深海熱水噴出孔の周囲は、高温かつ高圧の環境下であるが、そうした状況では、「水と油が自由に混ざり合う」という特異性が存在していることが知られている。この水と油が混ざる、という現象は「エマルション(乳化)」という言葉でさまざまな産業分野で活用され、近年は、油滴のサイズを微小なものとした「ナノエマルション」が、機能性化粧品などに活用されるようになっている。 今回JAMSTECが紹介しているのは、熱水噴出孔に印スパオアされた乳化技術「MAGIQ」。ナノエマルションを10秒で製造することができる装置で、単に高速なだけでなく、従来技術では困難であった油剤の乳化なども可能な高い性能も有している。その原理は、油を超臨海水に溶解させた後、毎秒200℃を超す速度で急速冷凍することで、油と水を再び分離させるというもの。その過程で、油の分子は互いに集合し、ナノサイズの油滴を形成。均一な状態で油滴を存在させることで、これまで難しかった長期間の乳化を可能としたという。
MAGIQは、JAMSTECの横須賀本部に設置されているほか、開発を担当したAKICOから購入することも可能。参考価格だが、1000万円弱ほどとのことで、産業用途で考えれば、決して高額な設備とは言えないだろう。
今回の展示では、食品添加物などを扱う三栄源エフ・エフ・アイと、JAMSTEC、奈良先端科学技術大学院大学(NAIST)、大阪大学の4者の産学協同研究の成果として、食品用天然色素の高付加価値化に向けた応用例などを実際に見ることができる。

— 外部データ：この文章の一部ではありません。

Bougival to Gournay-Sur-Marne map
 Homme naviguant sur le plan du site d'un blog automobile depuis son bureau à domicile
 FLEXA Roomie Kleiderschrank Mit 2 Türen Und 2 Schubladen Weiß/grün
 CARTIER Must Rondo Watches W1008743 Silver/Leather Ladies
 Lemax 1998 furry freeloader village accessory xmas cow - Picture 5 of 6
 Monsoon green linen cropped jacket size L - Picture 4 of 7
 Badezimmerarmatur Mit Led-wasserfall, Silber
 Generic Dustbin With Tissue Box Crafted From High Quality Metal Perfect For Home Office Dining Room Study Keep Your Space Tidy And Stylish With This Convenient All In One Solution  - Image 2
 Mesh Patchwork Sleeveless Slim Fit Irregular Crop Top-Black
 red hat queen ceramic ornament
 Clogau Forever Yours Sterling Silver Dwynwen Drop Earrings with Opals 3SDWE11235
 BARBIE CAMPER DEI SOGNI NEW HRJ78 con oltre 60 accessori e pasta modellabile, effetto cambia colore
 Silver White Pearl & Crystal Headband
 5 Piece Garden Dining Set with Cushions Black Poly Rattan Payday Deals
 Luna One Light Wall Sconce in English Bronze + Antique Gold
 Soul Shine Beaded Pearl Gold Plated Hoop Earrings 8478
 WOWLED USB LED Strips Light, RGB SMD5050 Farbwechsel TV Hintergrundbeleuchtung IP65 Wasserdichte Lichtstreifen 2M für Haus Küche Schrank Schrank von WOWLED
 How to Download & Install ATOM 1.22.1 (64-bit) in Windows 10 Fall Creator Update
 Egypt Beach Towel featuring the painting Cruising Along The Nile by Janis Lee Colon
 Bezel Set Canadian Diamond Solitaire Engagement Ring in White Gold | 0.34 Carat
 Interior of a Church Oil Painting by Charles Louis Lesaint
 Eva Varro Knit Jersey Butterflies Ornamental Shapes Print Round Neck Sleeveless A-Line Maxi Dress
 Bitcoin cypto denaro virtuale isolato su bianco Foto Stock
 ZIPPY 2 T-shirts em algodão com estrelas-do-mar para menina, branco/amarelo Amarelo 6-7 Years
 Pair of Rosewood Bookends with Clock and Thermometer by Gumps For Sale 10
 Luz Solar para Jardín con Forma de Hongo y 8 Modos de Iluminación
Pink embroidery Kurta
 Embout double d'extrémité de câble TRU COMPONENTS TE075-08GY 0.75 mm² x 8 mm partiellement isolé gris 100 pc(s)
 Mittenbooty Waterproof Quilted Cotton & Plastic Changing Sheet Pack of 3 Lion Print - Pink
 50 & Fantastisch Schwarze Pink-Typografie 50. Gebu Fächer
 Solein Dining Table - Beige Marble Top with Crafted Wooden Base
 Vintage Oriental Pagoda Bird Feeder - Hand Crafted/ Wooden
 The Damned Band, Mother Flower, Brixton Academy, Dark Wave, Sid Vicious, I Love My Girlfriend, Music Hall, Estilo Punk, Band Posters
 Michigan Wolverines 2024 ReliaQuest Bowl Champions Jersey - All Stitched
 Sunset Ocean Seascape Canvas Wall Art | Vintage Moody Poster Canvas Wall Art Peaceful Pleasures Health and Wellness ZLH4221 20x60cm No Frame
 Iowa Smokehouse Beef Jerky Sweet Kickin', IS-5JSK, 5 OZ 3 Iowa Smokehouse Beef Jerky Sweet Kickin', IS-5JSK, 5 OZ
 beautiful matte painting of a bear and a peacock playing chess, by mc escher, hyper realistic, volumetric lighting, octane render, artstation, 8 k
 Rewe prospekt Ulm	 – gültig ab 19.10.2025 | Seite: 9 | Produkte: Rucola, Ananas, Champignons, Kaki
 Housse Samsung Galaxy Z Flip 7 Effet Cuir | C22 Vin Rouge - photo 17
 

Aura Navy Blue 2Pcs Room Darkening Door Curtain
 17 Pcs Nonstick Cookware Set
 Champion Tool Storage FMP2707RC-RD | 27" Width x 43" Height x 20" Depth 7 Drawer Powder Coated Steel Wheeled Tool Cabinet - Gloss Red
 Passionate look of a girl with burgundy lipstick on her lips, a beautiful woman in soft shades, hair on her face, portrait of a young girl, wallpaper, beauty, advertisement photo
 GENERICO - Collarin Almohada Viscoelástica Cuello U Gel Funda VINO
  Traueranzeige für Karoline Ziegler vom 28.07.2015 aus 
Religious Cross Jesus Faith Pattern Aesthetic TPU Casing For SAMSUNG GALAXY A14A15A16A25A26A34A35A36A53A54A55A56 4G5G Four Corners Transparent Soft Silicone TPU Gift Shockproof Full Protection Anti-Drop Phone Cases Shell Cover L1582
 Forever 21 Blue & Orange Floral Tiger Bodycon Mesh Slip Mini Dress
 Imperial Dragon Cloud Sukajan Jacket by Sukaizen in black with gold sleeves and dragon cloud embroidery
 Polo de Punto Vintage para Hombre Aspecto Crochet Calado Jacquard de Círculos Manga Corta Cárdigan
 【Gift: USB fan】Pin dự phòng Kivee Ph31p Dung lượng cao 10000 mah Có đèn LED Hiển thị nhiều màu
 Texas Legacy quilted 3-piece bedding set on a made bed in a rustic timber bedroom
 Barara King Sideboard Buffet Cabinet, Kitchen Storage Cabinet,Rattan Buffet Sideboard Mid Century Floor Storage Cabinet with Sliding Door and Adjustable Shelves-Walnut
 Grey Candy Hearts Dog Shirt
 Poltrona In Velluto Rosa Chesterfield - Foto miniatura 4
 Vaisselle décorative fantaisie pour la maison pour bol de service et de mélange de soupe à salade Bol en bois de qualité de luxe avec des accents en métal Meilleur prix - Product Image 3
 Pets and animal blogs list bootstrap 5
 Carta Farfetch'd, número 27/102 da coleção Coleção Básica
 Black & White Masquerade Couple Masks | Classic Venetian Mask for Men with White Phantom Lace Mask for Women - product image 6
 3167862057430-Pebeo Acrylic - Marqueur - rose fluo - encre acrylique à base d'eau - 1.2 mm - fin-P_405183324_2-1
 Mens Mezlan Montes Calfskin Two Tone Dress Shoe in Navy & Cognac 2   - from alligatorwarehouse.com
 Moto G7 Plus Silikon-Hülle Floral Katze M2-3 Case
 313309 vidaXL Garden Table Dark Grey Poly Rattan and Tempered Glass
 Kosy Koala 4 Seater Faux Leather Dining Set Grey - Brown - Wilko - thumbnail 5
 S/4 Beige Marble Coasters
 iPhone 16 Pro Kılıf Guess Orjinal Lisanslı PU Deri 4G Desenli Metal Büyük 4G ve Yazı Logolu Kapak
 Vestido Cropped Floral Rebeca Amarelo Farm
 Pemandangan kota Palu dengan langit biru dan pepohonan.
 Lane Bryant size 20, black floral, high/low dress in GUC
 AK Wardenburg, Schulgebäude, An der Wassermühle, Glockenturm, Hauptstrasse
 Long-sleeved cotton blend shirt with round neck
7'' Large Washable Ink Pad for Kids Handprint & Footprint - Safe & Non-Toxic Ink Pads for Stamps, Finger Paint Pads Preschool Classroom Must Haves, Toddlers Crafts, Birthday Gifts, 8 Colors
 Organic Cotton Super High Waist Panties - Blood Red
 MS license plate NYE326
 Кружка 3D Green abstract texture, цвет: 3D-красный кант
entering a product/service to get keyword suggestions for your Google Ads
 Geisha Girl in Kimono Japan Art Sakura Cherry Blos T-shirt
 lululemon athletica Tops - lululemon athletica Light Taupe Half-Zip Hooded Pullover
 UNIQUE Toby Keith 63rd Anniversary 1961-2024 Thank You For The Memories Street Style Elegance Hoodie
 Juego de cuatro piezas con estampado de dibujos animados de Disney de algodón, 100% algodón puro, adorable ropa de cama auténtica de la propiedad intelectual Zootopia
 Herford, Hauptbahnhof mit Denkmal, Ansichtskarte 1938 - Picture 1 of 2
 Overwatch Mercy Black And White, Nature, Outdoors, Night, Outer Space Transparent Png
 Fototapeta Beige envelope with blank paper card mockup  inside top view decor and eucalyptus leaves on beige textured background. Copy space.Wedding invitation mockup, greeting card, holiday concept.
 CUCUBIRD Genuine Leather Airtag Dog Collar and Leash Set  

これにより、これまでは分離や色むらを防ぐために、飲料や食品の糖度に応じて乳化製品を使い分ける必要があったものが、独自の安定化付与技術により年単位での乳化が可能となったことから、幅広い飲料、食品でそういったことを気兼ねすることなく活用できるようになったと三栄源エフ・エフ・アイでは説明している。